22 septiembre 2006

ALIANZA DE RELIGIONES. Política

Aunque todos traten de poner ahora la tirita sobre la hemorragia (incluido ZP), no queda más remedio que admitir que el Papa metió la zarpa hasta el garganchón. Que sí. Nada de interpretaciones a posteriori propias de la perspicacia de Pepiño Blanco. Otra cosa es que los musulmanes sean una sociedad religiosa especialmente sensible en lo que toca a sus temas de culto, pero las cosas son así y hay que preverlas para no tener que lamentar luego.

La solución de nuestro queridísimo presidente a todo este cisco ya sabemos que pasa por una supuesta alianza de civilizaciones. Idea nada original, pero que parece haber tenido suficiente eco en los mentideros progresistas. Tal alianza sólo tiene una insignificante pega: que las civilizaciones llamadas a aliarse deben civilizarse a sí mismas previamente. O mejor, que tienen que adecuar su mentalidad al primer mundo, al mundo occidental. No tengo inconveniente alguno en que el Islam quiera (o pretenda) seguir viviendo en el medievo. Me da igual. Ahora bien, que nadie pretenda que una cultura con mil años de retardo tenga posibilidad alguna de aliarse con la del siglo XXI. No es este el sitio para loar las bondades de nuestra civilización pero lo cierto es que es a la que hemos llegado. Nada o casi nada puede ir ya hacia atrás. Qué progre soy, coñe!
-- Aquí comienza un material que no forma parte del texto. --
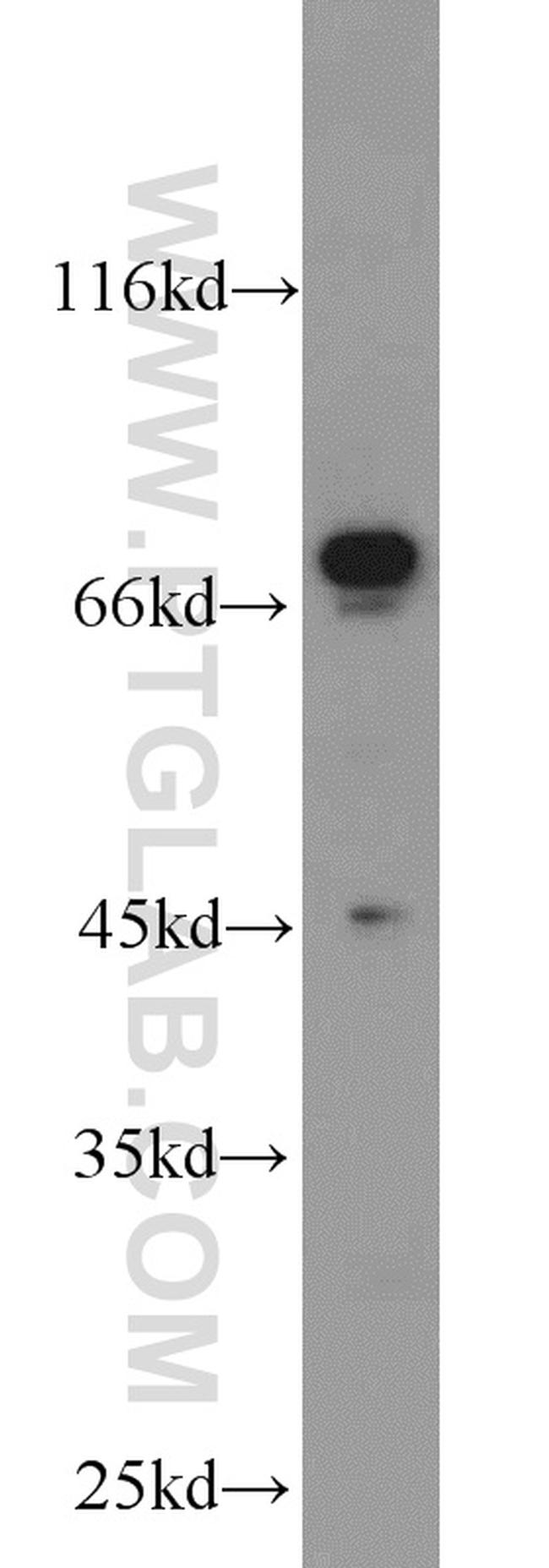 NRG1 Antibody in Western Blot (WB)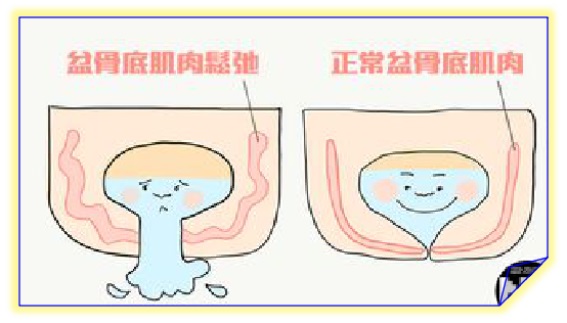 盆底康復(fù)治療怎么做，盆底肌修復(fù)常見的十大問題（中）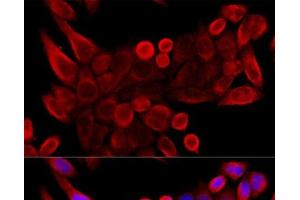 Immunofluorescence analysis of HeLa cells using VDAC3 Polyclonal Antibody at dilution of 1:100 (40x lens). (VDAC3 anticorps)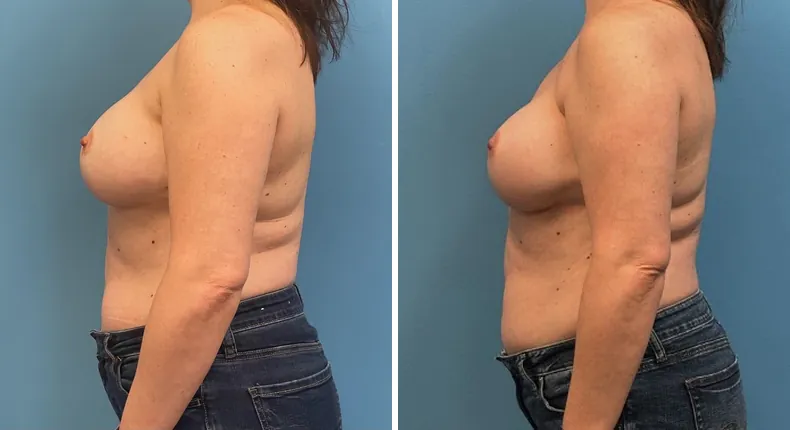 Before and after breast reconstruction: patient's breasts from the left side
Descartada, intelectual y prácticamente, la alianza de civilizaciones, sólo queda, creo, una opción nada baladí. La alianza de religiones. ¿Por qué propongo esto y rechazo aquello? La razón es simple. La alianza de civilizaciones exige, como hemos visto, que las civilizaciones compartan un mínimo aliable, cosa que no sucede. En cambio, si se tratase de lograr un diálogo entre religiones la cosa sería distinta. El Islam y la Iglesia Católica, por poner sólo dos de los casos en liza, están (con ciertos matices) tan lejos de nuestro tiempo la una como la otra. Son sistemas fósiles, creencias seculares, credos momificados. Dignas de todo el respeto, pero igual de vetustas, cerradas y arcaicas. Sólo entre ellas puede llegarse a un entendimiento de mínimos, o sea, de respeto mutuo. Si añadimos a esto que los países islámicos suelen ser Estados teocráticos, podemos esperar, con cierta cautela, que el encuentro de las grandes religiones pueda repercutir sobre esos Estados, y éstos, a su vez, en sus relaciones con los otros.

Sé que esto es más bien difícil, y también sé que el traslado de este diálogo a los respectivos territorios del Islam es aún más complicado. Pero si no se hace nada en este único sentido, puede que tengamos que padecer las secuelas de este choque de civilizaciones durante mucho tiempo.